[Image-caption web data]
▬▬▬▬▬▬

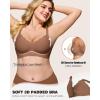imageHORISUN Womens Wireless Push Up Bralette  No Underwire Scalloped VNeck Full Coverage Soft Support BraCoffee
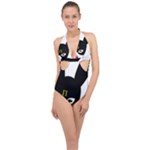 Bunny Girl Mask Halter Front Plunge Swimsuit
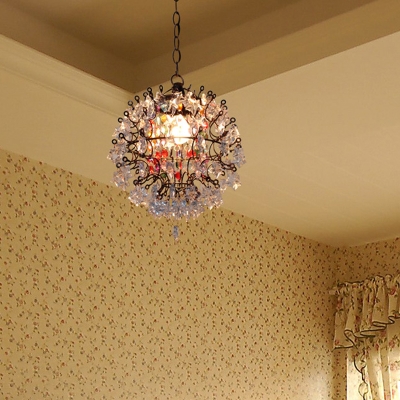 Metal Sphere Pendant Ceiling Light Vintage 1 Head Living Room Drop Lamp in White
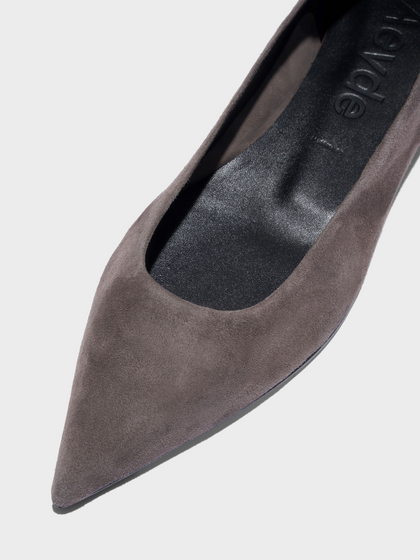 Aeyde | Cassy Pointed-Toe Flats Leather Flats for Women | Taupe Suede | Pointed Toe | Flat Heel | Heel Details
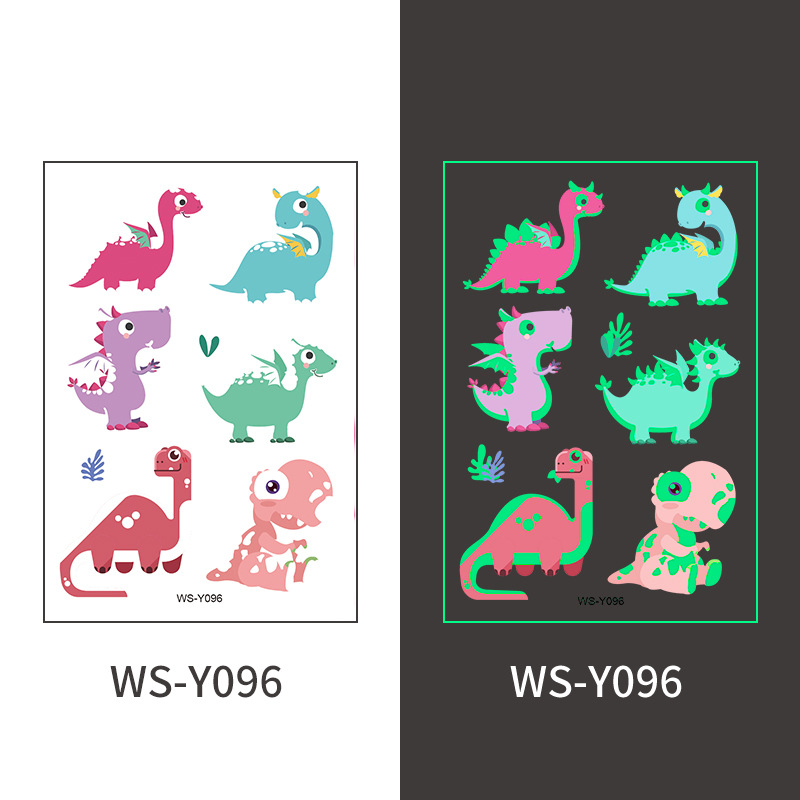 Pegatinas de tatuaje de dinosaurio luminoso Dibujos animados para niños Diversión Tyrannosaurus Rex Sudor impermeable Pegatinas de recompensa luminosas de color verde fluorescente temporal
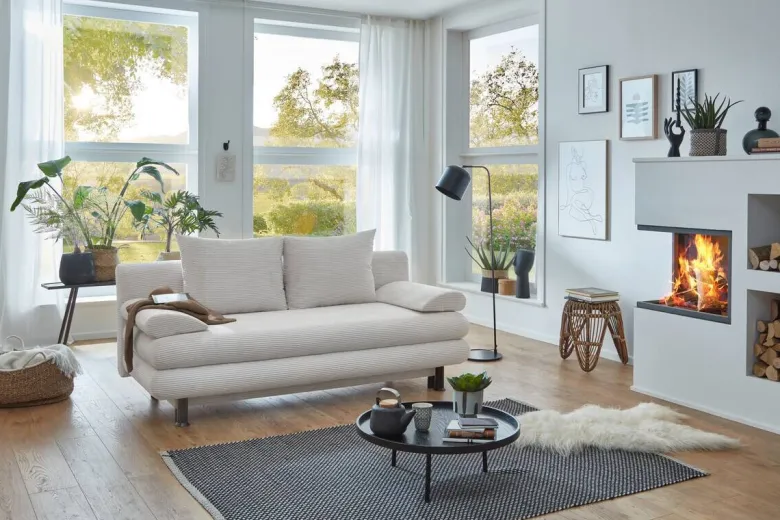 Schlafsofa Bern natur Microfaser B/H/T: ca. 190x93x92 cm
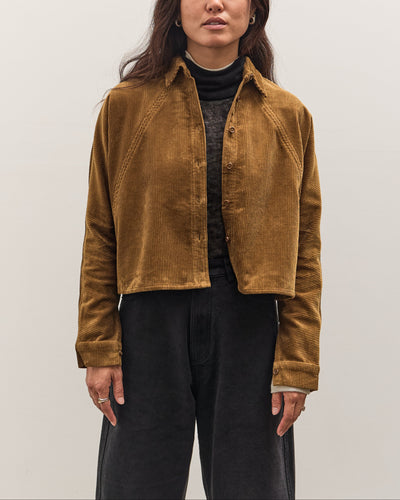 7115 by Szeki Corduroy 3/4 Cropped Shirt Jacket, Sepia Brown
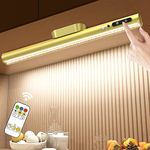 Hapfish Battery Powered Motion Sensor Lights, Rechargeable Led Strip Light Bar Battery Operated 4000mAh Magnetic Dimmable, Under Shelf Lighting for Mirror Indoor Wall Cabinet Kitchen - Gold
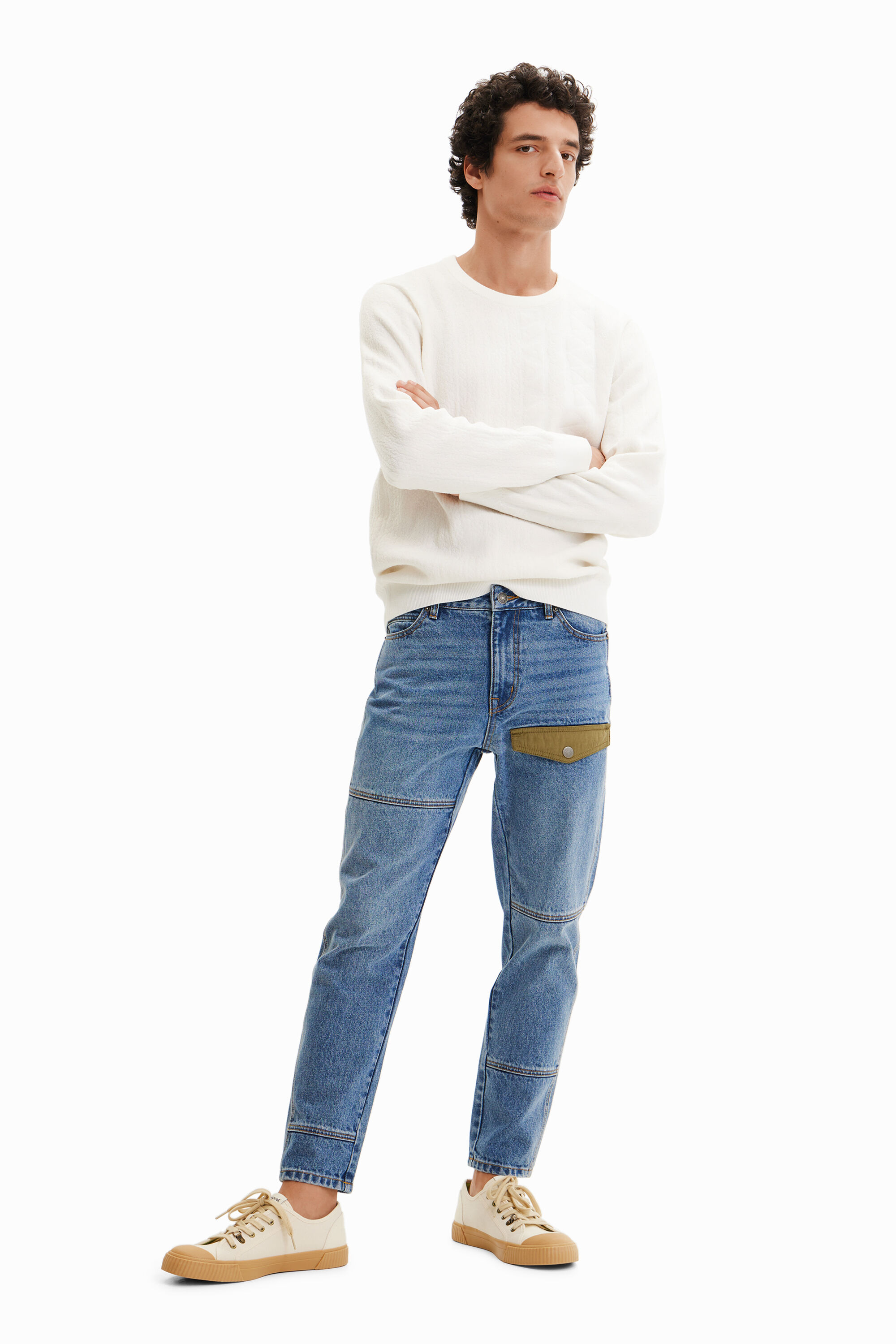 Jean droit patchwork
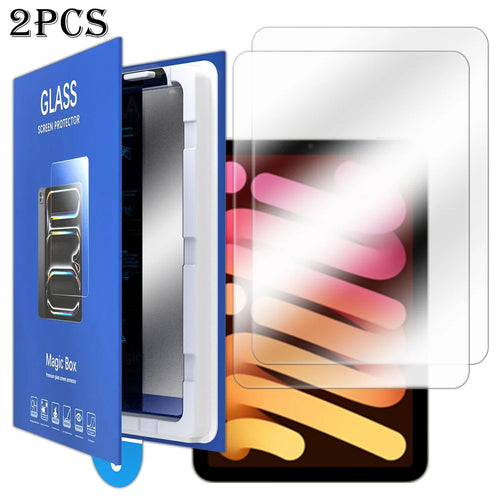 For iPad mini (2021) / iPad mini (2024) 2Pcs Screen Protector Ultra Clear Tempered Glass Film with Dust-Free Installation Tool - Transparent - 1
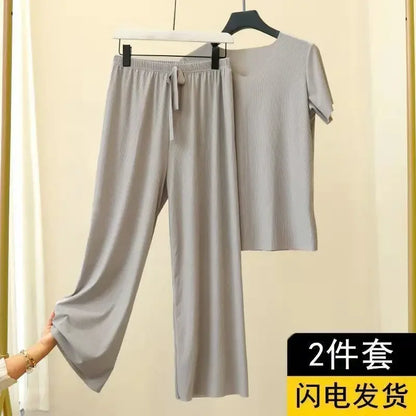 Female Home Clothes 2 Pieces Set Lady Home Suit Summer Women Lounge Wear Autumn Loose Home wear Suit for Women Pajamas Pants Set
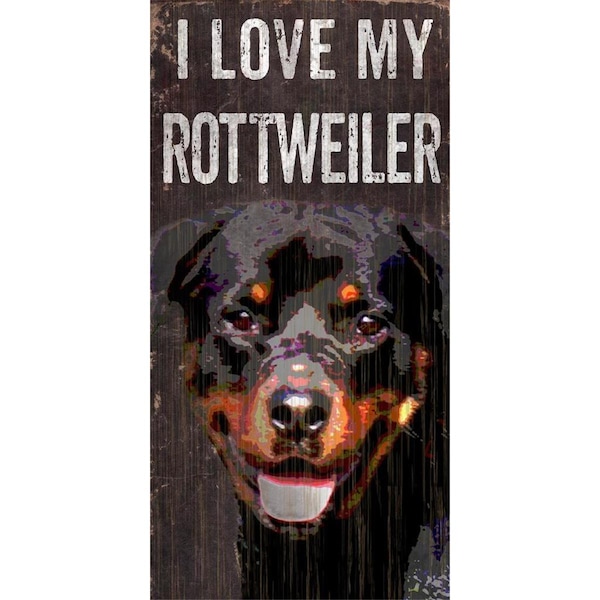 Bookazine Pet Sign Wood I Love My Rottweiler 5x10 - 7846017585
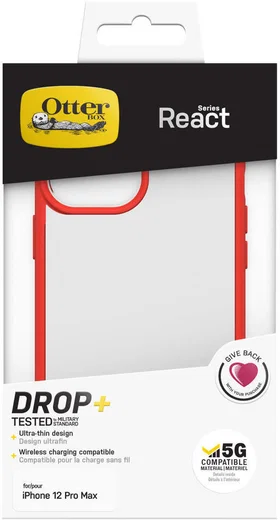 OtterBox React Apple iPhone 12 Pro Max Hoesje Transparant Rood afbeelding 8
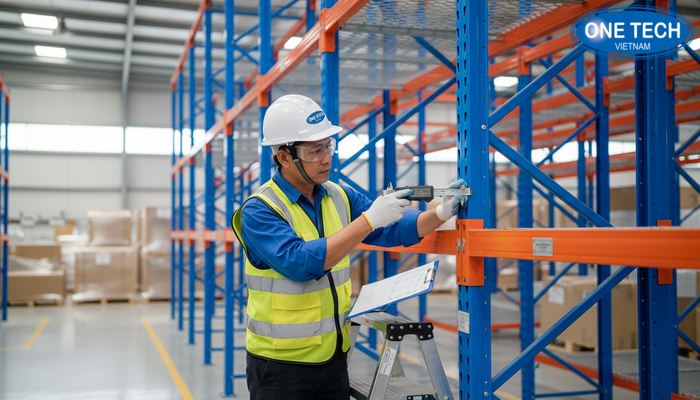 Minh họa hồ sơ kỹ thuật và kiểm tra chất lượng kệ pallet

▬▬▬▬▬▬

- Task prompt:
Return every entry of the data above verbatim, with no images included.

- Result for this task:
imageHORISUN Womens Wireless Push Up Bralette  No Underwire Scalloped VNeck Full Coverage Soft Support BraCoffee
 Bunny Girl Mask Halter Front Plunge Swimsuit
 Metal Sphere Pendant Ceiling Light Vintage 1 Head Living Room Drop Lamp in White
 Aeyde | Cassy Pointed-Toe Flats Leather Flats for Women | Taupe Suede | Pointed Toe | Flat Heel | Heel Details
 Pegatinas de tatuaje de dinosaurio luminoso Dibujos animados para niños Diversión Tyrannosaurus Rex Sudor impermeable Pegatinas de recompensa luminosas de color verde fluorescente temporal
 Schlafsofa Bern natur Microfaser B/H/T: ca. 190x93x92 cm
 7115 by Szeki Corduroy 3/4 Cropped Shirt Jacket, Sepia Brown
 Hapfish Battery Powered Motion Sensor Lights, Rechargeable Led Strip Light Bar Battery Operated 4000mAh Magnetic Dimmable, Under Shelf Lighting for Mirror Indoor Wall Cabinet Kitchen - Gold
 Jean droit patchwork
 For iPad mini (2021) / iPad mini (2024) 2Pcs Screen Protector Ultra Clear Tempered Glass Film with Dust-Free Installation Tool - Transparent - 1
 Female Home Clothes 2 Pieces Set Lady Home Suit Summer Women Lounge Wear Autumn Loose Home wear Suit for Women Pajamas Pants Set
 Bookazine Pet Sign Wood I Love My Rottweiler 5x10 - 7846017585
 OtterBox React Apple iPhone 12 Pro Max Hoesje Transparant Rood afbeelding 8
 Minh họa hồ sơ kỹ thuật và kiểm tra chất lượng kệ pallet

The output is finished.